*Goal of the exercise*.
With pictures omitted, restate the data word for word.

*Given information*.
*** Block opens ***
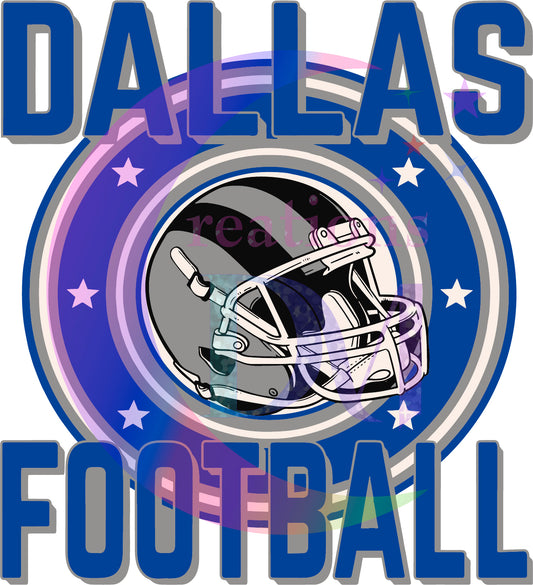 Dallas Cowboys - dallas football royal blue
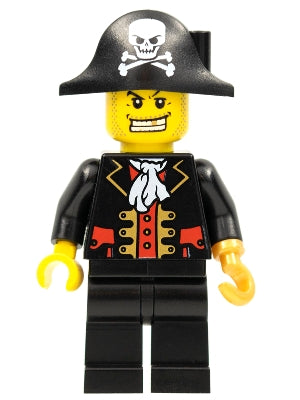 Preowned LEGO® Minifigure – Minifigures col281 Pirate Captain Black Vest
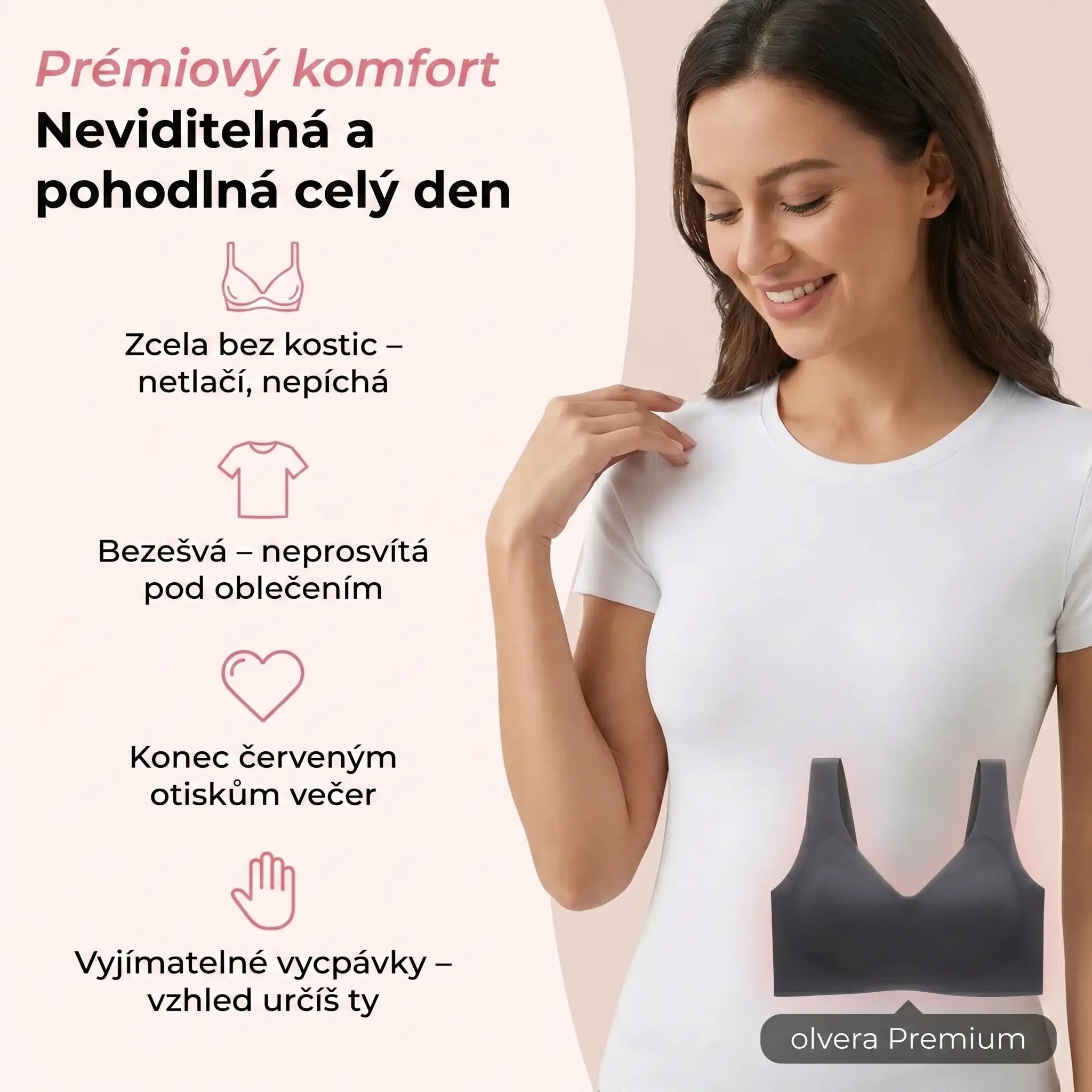 olvera – Bezešvá prémiová podprsenka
*** Block closes ***
*Your response*.
 Dallas Cowboys - dallas football royal blue
 Preowned LEGO® Minifigure – Minifigures col281 Pirate Captain Black Vest
 olvera – Bezešvá prémiová podprsenka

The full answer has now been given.